The other day, we had a rather severe weather event in my area that resulted in a rather lengthy outage of our cable service and in turn no connectivity to my enterprise. Luckily for me, I had a backup plan and was able to reconnect
using my cellular 3G card. It got me to thinking about all of the possible points of failure that can impact us in the enterprise. In a typical enterprise, there are many moving parts that must all work together to provide end users seamless
connectivity and high availability. Even with ever increasing reliance on other modes of communications such as email, Instant Messaging, and even social networking today, the end user still has literally no tolerance when their voice platform fails. You can probably blame your local telephone company for setting this expectation since they had decades and decades of experience to build highly redundant and highly available voice networks. This expectation transitioned into the enterprise with the advent of the PBX. These platforms were hardened appliances that were engineered for maximum uptime and many PBX providers had maintenance services to provide critical spares to customers that were willing to pay for it. In short, voice failed in only the rarest of occasions and when it did fail it was fixed promptly. So it's completely legitimate and logical to ask if we can obtain the same kind of resiliency in a world where communications has been converted from TDM to IP, from hardware to software, run on separate networks to converged with all other enterprise
traffic and even embedded into line of business applications. The obvious answer to this question is "Of Course It Can".

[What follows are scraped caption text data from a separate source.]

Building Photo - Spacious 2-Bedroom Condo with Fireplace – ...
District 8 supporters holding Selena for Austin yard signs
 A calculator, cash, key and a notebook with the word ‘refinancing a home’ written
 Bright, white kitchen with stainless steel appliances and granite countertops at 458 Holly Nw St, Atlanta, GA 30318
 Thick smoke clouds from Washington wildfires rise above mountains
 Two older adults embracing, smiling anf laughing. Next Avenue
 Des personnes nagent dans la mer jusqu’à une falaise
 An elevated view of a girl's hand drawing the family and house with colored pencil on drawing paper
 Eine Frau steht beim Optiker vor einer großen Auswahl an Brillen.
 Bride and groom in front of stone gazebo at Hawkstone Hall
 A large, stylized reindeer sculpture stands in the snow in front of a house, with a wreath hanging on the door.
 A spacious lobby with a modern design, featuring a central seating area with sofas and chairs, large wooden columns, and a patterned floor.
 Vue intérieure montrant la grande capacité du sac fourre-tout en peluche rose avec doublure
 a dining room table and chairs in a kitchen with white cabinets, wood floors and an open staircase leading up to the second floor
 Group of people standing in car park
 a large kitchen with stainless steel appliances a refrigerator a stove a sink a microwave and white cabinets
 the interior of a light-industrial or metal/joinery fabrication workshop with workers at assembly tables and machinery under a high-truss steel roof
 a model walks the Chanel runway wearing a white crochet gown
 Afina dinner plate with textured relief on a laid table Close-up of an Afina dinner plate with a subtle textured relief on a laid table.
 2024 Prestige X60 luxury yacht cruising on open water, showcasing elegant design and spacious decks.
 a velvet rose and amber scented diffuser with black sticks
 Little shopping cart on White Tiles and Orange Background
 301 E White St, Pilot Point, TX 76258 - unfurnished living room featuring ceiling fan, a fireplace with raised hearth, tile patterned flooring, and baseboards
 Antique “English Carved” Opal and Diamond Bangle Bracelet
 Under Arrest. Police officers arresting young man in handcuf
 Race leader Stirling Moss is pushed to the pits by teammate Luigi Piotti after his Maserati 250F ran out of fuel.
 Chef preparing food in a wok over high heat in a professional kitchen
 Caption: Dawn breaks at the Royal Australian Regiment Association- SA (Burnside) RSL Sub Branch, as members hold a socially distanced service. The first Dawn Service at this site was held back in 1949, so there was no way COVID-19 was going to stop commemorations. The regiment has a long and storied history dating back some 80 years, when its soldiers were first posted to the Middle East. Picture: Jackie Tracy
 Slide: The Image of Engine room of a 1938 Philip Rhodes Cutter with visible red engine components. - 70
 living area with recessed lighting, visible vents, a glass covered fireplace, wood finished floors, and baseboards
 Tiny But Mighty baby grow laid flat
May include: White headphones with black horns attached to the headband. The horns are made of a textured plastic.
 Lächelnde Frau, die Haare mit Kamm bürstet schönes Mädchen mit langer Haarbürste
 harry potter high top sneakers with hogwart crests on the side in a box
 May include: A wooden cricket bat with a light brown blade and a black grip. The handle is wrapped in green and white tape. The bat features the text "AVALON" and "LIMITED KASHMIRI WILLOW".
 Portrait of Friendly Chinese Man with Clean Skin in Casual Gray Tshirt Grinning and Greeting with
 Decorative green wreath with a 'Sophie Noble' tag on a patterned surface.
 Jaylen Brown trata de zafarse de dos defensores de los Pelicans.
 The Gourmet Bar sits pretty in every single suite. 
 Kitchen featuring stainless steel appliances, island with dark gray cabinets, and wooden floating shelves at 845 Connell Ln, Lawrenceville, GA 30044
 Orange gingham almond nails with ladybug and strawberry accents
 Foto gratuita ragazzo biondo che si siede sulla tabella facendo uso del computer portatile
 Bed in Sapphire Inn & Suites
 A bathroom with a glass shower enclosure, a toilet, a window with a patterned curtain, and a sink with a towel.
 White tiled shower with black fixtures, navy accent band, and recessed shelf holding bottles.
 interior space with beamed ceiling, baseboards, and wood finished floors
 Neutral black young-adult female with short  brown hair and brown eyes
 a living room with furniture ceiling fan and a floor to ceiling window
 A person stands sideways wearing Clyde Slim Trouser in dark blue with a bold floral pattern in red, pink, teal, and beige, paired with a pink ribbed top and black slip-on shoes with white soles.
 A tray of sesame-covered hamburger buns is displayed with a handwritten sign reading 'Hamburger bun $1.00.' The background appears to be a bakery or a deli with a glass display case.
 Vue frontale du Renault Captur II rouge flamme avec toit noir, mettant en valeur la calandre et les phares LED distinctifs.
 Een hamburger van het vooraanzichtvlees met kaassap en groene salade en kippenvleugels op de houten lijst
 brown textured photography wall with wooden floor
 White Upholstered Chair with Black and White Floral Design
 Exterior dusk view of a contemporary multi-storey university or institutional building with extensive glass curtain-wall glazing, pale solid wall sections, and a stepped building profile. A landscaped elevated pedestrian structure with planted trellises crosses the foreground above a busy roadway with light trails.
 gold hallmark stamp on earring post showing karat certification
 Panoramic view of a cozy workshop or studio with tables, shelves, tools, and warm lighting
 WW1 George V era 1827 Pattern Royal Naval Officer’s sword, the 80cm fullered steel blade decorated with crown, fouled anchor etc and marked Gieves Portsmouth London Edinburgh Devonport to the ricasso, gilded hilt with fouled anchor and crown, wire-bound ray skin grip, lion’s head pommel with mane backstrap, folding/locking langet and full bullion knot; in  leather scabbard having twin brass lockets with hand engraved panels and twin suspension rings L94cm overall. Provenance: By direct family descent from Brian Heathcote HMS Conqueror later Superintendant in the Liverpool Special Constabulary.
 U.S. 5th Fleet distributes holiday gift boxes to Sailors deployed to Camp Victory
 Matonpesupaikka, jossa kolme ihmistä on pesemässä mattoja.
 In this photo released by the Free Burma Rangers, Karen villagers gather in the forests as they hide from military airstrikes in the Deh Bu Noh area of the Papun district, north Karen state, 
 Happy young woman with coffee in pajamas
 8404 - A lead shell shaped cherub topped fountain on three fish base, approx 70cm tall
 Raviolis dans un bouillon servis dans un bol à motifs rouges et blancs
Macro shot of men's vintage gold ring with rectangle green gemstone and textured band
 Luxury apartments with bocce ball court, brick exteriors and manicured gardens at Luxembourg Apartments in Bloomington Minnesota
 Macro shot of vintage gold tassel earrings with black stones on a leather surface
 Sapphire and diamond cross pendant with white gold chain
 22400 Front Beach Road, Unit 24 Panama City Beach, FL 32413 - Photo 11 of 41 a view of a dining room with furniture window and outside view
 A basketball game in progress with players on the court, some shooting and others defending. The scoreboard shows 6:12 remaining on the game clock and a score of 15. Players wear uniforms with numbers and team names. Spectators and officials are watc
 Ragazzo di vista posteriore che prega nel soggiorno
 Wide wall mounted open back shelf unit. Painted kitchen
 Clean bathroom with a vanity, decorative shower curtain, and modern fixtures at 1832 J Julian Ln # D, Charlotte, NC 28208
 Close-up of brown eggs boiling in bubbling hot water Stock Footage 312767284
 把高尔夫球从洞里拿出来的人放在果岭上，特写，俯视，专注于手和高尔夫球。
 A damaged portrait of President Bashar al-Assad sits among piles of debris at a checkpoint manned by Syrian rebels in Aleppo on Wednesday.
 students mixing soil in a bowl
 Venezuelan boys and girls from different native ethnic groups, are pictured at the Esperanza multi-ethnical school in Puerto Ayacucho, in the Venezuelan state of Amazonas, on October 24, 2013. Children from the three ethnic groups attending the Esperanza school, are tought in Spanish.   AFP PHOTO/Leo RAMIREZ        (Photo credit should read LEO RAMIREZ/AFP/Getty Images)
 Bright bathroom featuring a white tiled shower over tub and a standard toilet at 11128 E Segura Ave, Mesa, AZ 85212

In order to achieve the same level of business continuity in this brave new world, it's critical to ensure that you have the right architecture. The attributes of such an architecture are varied but some of the critical ones are listed below.
Active/Active vs. Active/Standby: In an active/active architecture all registered endpoints are cached on both sides of the cluster. Most enterprise voice platforms today support active/standby in which a re-registration process must take place when one side of the cluster fails. This is completely unsatisfactory in an enterprise production environment today. Active/Active ensures that not only is a re-registration process not necessary but when a side of the cluster fails, the end user knows no difference. They continue to process calls and invoke features. Furthermore, the architecture is built so that only one side of the cluster is necessary to support all subscribers.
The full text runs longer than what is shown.